C.F. Canelas 2010
- Founded: 6 February 1966; 59 years ago as Canelas Gaia Futebol Clube
- Ground: Estádio do Canelas Canelas, Vila Nova de Gaia, Porto Metro Area, Portugal
- Capacity: 7,000
- Owner: Caesar DePaço
- President: Isaac Israel Teixeira Santo
- Manager: Tiago Margarido
- League: Liga 3
- 2021-22: Liga 3
| Home colours | Away colours |

= CF Canelas 2010 =

Portuguese football club

Clube de Futebol Canelas 2010, commonly known as CF Canelas 2010 or simply Canelas 2010, is a Portuguese professional football club, based in Canelas, Vila Nova de Gaia, in the Porto Metropolitan Area. In the season 23/24 Canelas 2010 was relegated to the Campeonato de Portugal. In July 2024 Canelas 2010 announced that it will not participate in the Portuguese Championship for not having been able to ensure the minimum conditions to participate in the competition. As for the season 24/25 Canelas 2010 will compete in the Serie 1 Distrital of the AF Porto.

==History==
The club was founded on 6 February 1966 as the Canelas Gaia Futebol Clube, named after Canelas, a town in Vila Nova de Gaia, where the team's stadium is located.

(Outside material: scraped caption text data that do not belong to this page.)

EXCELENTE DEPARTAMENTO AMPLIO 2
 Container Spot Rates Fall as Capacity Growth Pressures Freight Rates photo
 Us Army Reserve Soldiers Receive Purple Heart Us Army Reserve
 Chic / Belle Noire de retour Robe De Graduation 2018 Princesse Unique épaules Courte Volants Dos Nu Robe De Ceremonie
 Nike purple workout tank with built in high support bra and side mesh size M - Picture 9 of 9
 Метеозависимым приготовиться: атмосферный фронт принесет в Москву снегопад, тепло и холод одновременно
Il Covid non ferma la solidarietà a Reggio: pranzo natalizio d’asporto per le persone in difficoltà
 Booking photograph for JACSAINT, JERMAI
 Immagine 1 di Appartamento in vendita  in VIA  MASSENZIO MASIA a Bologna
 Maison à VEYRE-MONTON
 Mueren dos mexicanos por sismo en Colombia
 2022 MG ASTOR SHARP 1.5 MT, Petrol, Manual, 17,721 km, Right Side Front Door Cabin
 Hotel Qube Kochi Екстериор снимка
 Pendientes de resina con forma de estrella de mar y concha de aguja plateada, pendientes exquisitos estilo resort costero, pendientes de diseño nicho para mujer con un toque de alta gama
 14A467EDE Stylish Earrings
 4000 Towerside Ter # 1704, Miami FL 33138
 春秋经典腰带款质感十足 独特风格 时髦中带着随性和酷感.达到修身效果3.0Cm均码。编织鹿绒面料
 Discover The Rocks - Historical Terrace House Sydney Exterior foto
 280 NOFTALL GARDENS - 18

Canelas Gaia Futebol Clube became dormant in the 2005–06 season, due to financial problems.

The club was refounded on 28 April 2010 as CF Canelas 2010, following a restructuring of the club's finances and management.

In the 2016–17 season, CF Canelas 2010 became notable for a run of victories by forfeit in the Porto Divisão de Elite Série 1 when the other teams in the league refused to play them due to allegations of Canelas using violence and intimidation against players and officials, with some Canelas players linked to FC Porto ultras. Canelas were eventually promoted to the Campeonato de Portugal that season, only to be relegated the following season. However, Canelas were again promoted to the Campeonato de Portugal in 2018–19 and have since remained in the third tier, which became the Liga 3 in 2021–22.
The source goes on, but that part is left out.